Basically I have a piece of code that's around 600 lines long. The bulk of the code takes around 30 seconds to run, but one small section (4 lines long) takes between 5-15 minutes to run. Simple reason for this is it's a mathematical equation in a for-loop, in a for-loop, in a for-loop. So this equation is being calculated in the order of 50 million times. I accept it's going to take a while, but when the same thing is run within MATLAB it's done in under a minute normally. I believe this is because of JIT acceleration; but I might be wrong. Either way this makes me feel there must be a way of speeding this up. The code section is below (the matrices being used are pretty big so I thought I'd just say their dimensions as the numbers within them can vary).

    for k in range(7500):                   
        for jj in range(2):
            for ii in range(k+1):
                 Y[k][jj,0] += S[ii][jj] * c[k-ii][jj,jj] * U[ii][jj,jj]

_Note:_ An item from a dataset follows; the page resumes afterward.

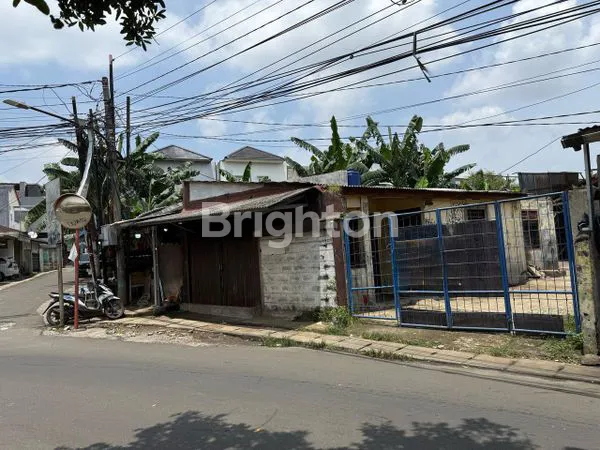 DIJUAL CEPAT HITUNG TANAH, JL. PINANG, PAMULANG TIMUR, TANG SEL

Where the size of the matrices (/arrays) are:

numpy.shape(Y) = (7500, 2, 2)
numpy.shape(S) = (7500, 2, 1)
numpy.shape(c) = (7500, 2, 2)
numpy.shape(U) = (7500, 2, 2)

Does anyone see anything I could do to speed this up?

Edit 1:

As requested here's the MATLAB version of the above:

for k=1:7500
    for j=1:2
       for i=1:7500

           Y(j,1,k)=Y(j,1,k)+S(j,1,i)*c(j,j,k+1-i)*U(j,j,i);

       end
    end
end

Edit 2:

Should have added, I'm using 3.4.2

Also, sadly I don't have the source maths behind the code. I have it for around 2/3 of the code, but not the latter third. I just have the MATLAB code to convert. (For now at least)

Answer 1

The result can be obtained using np.convolve.

import numpy as np

S = np.random.rand(1000, 2, 1)
c = np.random.rand(1000, 2, 2)
U = np.random.rand(1000, 2, 2)

Y = np.zeros_like(U)
for k in range(1000):
    for jj in range(2):
        for ii in range(k+1):
            Y[k,jj,0] += S[ii,jj,0] * c[k-ii,jj,jj] * U[ii,jj,jj]

Yx = np.zeros_like(Y)
for jj in range(2):
    Yx[:,jj,0] += np.convolve(S[:,jj,0] * U[:,jj,jj], c[:,jj,jj], mode='full')[:Yx.shape[0]]

print(abs(Y - Yx).max())
# -> 3.12638803734e-13

How to find this? Notice that things are just multiplied together along the jj axis, and that the ii summation is actually a convolution. Then it's just a matter of fiddling the indices correctly in the numpy function.

If you want additional speed, subsituting convolve with scipy.signal.fftconvolve may speed it up even more. Some timings:

for loops:         77 s
np.convolve:       33.6 ms
fftconvolve:       1.48 ms

This gives a nice ~ 50000x speedup.

Note also that you should always write Y[k,jj,0] and not Y[k][jj,0] -- since there is no JIT, the latter creates a temporary array view, which is going to cost you if you evaluate the expression a large number of times. Rewriting the line in your for loop expression as

Y[k,jj,0] += S[ii,jj,0] * c[k-ii,jj,jj] * U[ii,jj,jj]

speeds up the evaluation already by a factor of 4 (!).